For the survey on the state of the data center, which was published Oct. 30, Symantec surveyed 800 data center managers at large enterprises. Half of respondents reported having difficulty meeting existing service-level requirements, and 32% reported that those requirements are rising rapidly.
Part of the difficulty is in access to talent -- 52% said they're already understaffed, 69% reported their data centers are growing by at least 5% per year and 11% expected growth to exceed 20%.
Budgets are growing only 7.1% per year, however -- a figure that could be halved by inflation, which is expected to be about 3% in the U.S.
Half of respondents are using virtualization to help contain costs, and 58% are consolidating servers for the same reason.
Web applications and storage virtualization are other popular options, but skilled data center staff will remain in short supply, respondents said.
Those factors lay the groundwork for IT channel companies able to supply the skills and cost-containment technology large data centers need. But so many customers and value-added resellers (VARs) are focused on the same technologies that they have to find ways to distinguish themselves, according to Greg Schulz, president of The StorageIO Group in Stillwater, Minn.
One way is to expand the conversation with a data center administrator to talk not only about virtualization, data archiving, data compression and moving data from tape to disk, but also about issues of power and cooling, Schulz said.
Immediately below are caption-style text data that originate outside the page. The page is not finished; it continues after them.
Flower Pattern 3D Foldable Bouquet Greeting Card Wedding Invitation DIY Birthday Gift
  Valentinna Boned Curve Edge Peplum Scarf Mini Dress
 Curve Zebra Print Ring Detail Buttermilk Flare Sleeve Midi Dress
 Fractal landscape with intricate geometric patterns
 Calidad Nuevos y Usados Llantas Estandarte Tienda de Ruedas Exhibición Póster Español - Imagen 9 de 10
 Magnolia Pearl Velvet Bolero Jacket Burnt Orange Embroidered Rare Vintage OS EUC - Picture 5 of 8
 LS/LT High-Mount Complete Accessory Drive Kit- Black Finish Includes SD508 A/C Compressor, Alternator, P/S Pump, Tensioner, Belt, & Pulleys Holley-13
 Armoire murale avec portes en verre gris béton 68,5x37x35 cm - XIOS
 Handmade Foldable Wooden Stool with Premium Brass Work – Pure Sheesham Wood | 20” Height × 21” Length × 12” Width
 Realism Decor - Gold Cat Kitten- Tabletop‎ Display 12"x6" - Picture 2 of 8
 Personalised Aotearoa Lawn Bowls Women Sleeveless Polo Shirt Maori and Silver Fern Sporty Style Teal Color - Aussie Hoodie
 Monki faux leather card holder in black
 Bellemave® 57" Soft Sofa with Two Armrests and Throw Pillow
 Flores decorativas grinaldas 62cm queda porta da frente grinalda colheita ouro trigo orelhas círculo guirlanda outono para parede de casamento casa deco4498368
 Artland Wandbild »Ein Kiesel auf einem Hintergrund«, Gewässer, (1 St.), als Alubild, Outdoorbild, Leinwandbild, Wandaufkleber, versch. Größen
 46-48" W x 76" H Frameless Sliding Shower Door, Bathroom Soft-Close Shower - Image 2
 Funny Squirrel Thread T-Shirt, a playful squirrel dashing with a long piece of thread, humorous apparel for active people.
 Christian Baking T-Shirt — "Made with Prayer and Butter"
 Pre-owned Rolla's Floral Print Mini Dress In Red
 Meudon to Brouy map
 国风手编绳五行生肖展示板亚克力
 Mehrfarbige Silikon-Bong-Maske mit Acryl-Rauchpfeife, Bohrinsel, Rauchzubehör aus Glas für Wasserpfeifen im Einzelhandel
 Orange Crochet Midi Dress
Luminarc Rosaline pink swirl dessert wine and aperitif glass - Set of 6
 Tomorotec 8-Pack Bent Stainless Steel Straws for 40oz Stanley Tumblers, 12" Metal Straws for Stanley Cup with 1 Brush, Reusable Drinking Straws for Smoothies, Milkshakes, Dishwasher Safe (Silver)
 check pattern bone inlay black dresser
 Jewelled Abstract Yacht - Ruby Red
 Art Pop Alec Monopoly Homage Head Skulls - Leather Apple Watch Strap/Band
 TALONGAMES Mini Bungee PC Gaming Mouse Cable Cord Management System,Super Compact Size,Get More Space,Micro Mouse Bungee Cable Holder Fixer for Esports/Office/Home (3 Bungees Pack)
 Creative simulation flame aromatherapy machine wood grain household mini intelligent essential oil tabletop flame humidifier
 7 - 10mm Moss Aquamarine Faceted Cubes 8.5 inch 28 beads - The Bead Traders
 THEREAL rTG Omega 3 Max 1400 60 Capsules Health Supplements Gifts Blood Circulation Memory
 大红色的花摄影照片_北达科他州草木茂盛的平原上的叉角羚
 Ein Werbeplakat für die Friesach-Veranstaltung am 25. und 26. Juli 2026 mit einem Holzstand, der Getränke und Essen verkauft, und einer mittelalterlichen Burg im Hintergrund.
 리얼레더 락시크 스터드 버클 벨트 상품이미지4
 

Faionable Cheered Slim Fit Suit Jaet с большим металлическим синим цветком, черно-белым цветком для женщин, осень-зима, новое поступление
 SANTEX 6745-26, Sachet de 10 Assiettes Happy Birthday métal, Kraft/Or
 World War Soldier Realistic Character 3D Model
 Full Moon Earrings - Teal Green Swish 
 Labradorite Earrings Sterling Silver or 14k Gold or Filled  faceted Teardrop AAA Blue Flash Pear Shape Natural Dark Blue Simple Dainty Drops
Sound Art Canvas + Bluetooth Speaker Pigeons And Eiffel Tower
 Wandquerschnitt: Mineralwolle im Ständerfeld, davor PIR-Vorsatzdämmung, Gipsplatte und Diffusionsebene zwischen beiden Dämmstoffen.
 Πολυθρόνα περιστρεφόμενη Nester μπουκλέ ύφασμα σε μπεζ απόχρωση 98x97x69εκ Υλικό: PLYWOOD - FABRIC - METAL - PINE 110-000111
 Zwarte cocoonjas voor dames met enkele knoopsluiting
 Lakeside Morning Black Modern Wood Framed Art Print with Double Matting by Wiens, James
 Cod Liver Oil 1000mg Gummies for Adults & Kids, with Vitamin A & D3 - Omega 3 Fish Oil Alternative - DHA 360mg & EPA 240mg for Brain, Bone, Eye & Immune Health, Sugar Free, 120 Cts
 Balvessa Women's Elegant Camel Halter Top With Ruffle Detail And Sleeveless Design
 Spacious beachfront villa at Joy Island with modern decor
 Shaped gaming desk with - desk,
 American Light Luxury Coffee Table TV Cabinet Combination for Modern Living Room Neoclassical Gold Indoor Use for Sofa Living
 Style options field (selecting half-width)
"The real value of a VAR is to help customers put together an attack plan that says: Let's look at the overall data environment and see where either costs can be reduced or more capacity added without consuming any more power or cooling to support growth," Schulz said. "For example, if you can pick up a 10% reduction by shrinking the number of physical servers through virtualization, 5% savings on power reduction, 5% by providing a cooler environment and so on, all of a sudden you are looking at some real cost savings."
Technologies like server virtualization, data deduplication and advances in storage capacity within disk arrays, for example, have all changed the data center conversation, according to Eric Linxweiler, senior vice president of solutions services at Bloomfield Hills, Mich.-based Logicalis USA. But, more than discussing technology, customers want to know the effect of an IT purchase on the ongoing cost of running a data center.
"What has changed, especially with technology, is that you are now asking questions of efficiency whereas previously you were asking questions of just overall technology," Linxweiler said. "Customers want VARs to help them find out what purchasing technology is going to mean to their business in terms of power savings, personnel savings, maintenance savings and forecasting the growth of their data out for a few years. They want VARs to help them make a decision on these issues," Linxweiler added.
The issues that face smaller customers are similar to those of the large data center managers in the survey, VARs said. But the approach and customer management issues are much different.
Sophisticated data centers in large corporations have already discussed their budgets and have a technical staff that knows how much it will cost to fix a particular problem, according to Peter Anderson, president of Tampa, Fla.-based VAR Bayshore Technologies Inc. Once large customers turn to the VARs, they have already decided what they will spend. Smaller businesses, however, often fight for every penny they spend.
"If you're a business owner and you're going to spend $250,000, the owner has to find the money -- it's coming directly out of their pocket so it's a different kind of conversation," Anderson said.
"A lot of companies are now leasing. It might be servers, storage, software and services, and we wrap that around a solution. We get paid quickly from the leasing companies and for smaller companies it's easier to pay $1,000 a month than $150,000 in one whack," he said.